Leave out the pictures, and quote exactly the lines running from the one with "Apr 7, 2024;" through the last line of the entries below.

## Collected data

══════

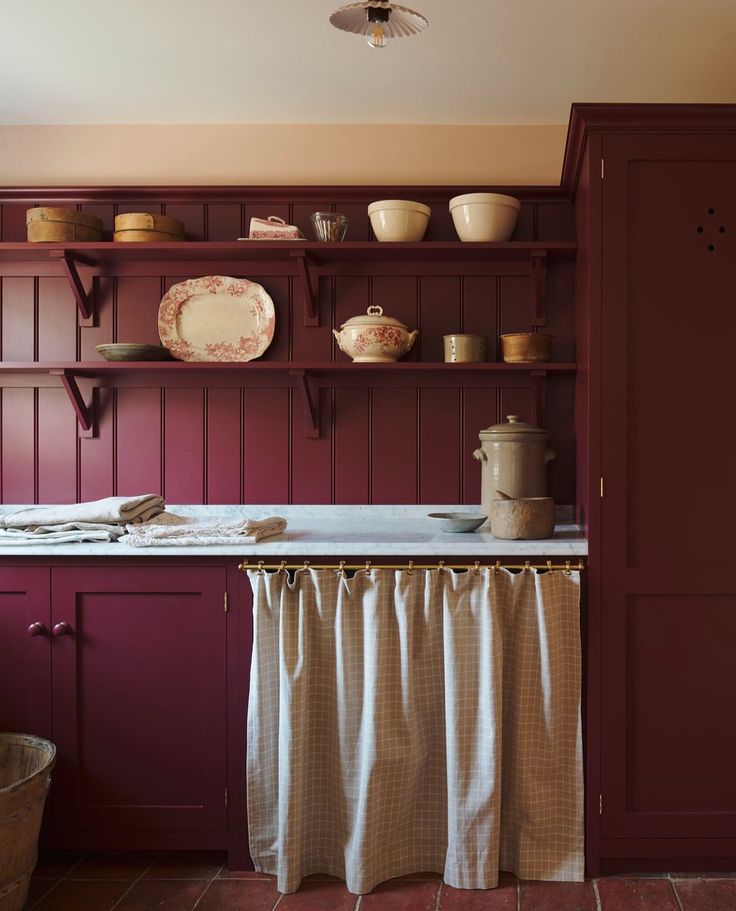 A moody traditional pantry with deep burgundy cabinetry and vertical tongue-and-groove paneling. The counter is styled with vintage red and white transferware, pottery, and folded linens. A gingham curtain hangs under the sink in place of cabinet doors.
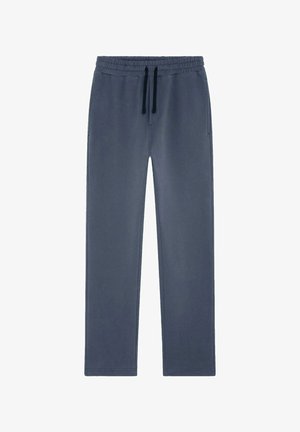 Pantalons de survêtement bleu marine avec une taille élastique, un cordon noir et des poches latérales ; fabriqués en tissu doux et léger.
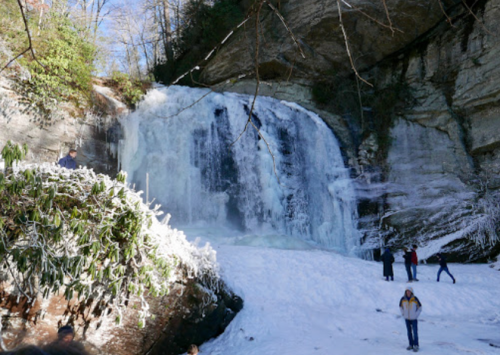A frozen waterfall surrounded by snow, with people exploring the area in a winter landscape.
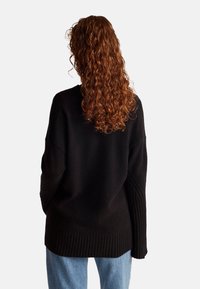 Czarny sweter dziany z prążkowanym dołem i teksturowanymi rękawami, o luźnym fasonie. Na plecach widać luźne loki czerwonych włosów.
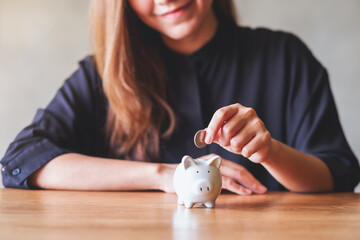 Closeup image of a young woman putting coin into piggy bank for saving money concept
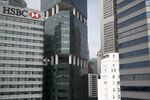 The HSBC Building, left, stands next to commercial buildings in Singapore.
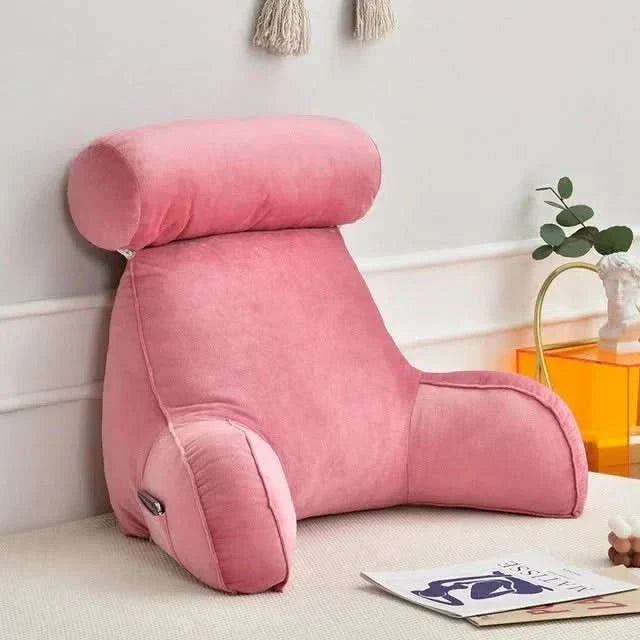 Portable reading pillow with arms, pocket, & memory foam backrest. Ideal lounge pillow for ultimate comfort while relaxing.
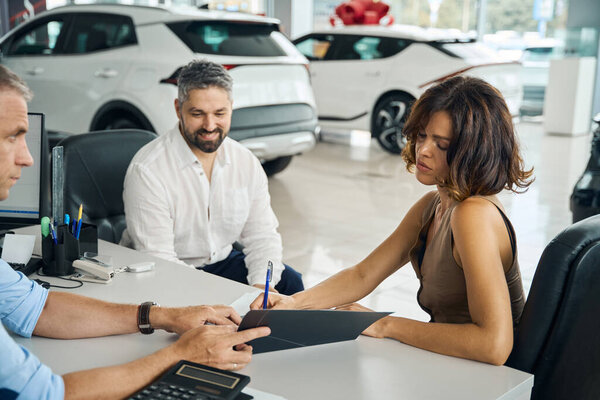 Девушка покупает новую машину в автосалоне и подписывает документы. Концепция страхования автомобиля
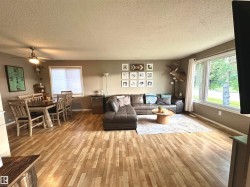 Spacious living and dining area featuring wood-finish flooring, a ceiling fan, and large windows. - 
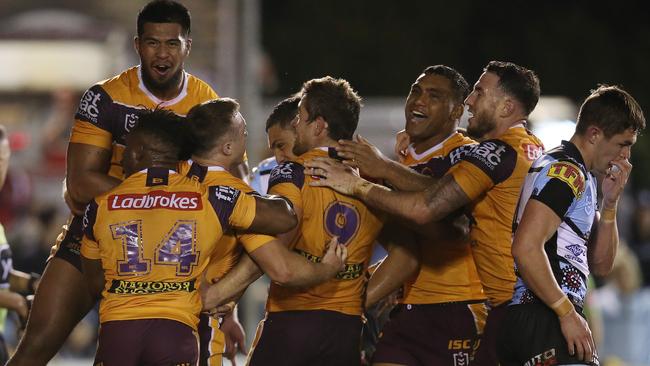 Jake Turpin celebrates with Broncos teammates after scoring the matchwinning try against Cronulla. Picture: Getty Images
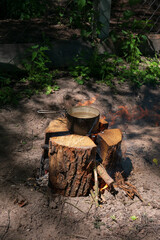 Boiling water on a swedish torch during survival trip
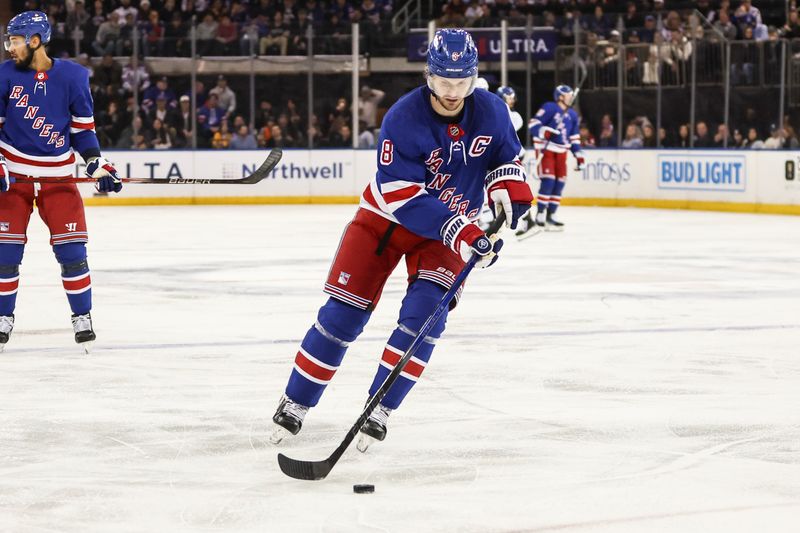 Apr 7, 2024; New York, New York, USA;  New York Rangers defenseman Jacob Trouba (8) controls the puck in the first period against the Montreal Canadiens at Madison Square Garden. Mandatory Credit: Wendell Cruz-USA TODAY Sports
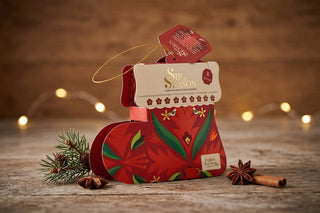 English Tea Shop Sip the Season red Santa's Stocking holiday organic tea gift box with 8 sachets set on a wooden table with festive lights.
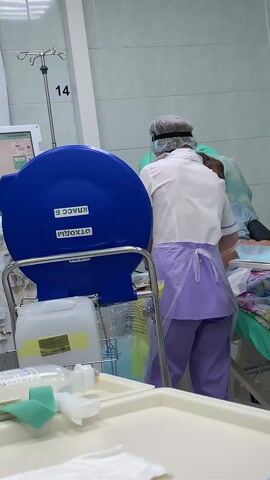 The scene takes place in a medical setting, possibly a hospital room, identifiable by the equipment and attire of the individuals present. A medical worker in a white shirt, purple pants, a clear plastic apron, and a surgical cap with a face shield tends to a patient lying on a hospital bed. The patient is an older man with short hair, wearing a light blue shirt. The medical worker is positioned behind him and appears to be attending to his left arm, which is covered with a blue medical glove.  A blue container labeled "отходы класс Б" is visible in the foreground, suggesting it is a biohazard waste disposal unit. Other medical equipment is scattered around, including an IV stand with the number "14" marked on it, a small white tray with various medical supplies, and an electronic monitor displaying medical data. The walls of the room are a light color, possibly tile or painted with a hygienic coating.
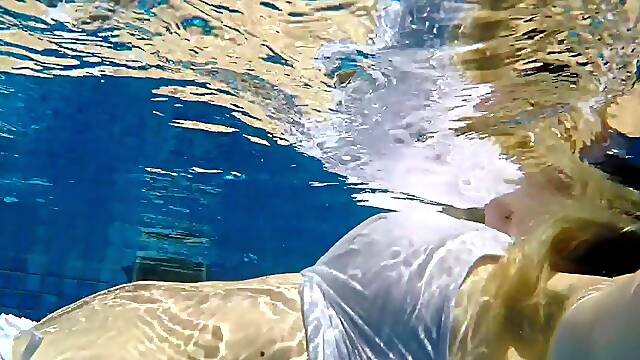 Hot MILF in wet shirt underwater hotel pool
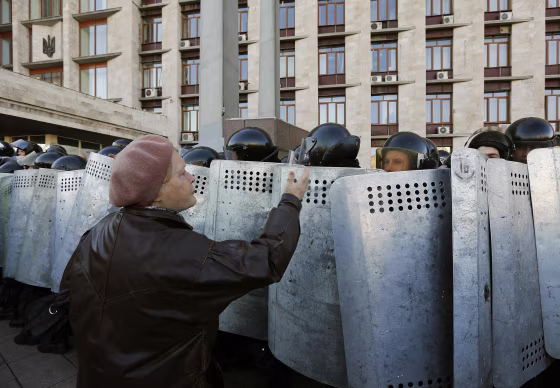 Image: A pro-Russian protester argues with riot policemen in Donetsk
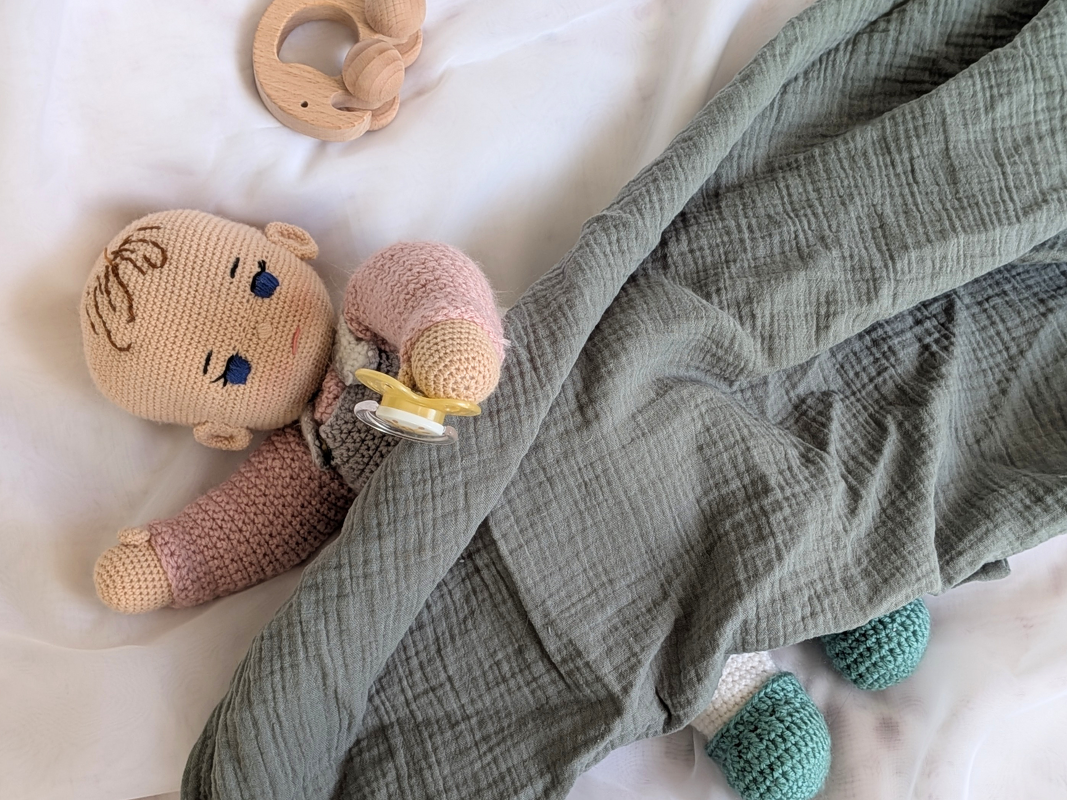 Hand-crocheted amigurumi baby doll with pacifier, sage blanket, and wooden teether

══════

## Result of this exercise
 Apr 7, 2024; New York, New York, USA;  New York Rangers defenseman Jacob Trouba (8) controls the puck in the first period against the Montreal Canadiens at Madison Square Garden. Mandatory Credit: Wendell Cruz-USA TODAY Sports
 English Tea Shop Sip the Season red Santa's Stocking holiday organic tea gift box with 8 sachets set on a wooden table with festive lights.
 The scene takes place in a medical setting, possibly a hospital room, identifiable by the equipment and attire of the individuals present. A medical worker in a white shirt, purple pants, a clear plastic apron, and a surgical cap with a face shield tends to a patient lying on a hospital bed. The patient is an older man with short hair, wearing a light blue shirt. The medical worker is positioned behind him and appears to be attending to his left arm, which is covered with a blue medical glove.  A blue container labeled "отходы класс Б" is visible in the foreground, suggesting it is a biohazard waste disposal unit. Other medical equipment is scattered around, including an IV stand with the number "14" marked on it, a small white tray with various medical supplies, and an electronic monitor displaying medical data. The walls of the room are a light color, possibly tile or painted with a hygienic coating.
 Hot MILF in wet shirt underwater hotel pool
 Image: A pro-Russian protester argues with riot policemen in Donetsk
 Hand-crocheted amigurumi baby doll with pacifier, sage blanket, and wooden teether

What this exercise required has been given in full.